-- Problem to solve --
Of all the lines in the entries below, give again exactly those starting at the line containing "Simple Solid Black" and ending at the line containing "Jean Michel Basquiat", both ends included, and no others.

=== Given information ===

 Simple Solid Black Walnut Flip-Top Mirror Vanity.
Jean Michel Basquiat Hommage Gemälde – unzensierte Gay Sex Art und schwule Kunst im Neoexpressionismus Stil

===
=== Given information ===

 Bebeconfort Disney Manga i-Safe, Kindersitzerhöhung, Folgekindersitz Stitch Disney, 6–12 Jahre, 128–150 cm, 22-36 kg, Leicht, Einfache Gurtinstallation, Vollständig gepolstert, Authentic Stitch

===

-- Written solution --
 Simple Solid Black Walnut Flip-Top Mirror Vanity.
Jean Michel Basquiat Hommage Gemälde – unzensierte Gay Sex Art und schwule Kunst im Neoexpressionismus Stil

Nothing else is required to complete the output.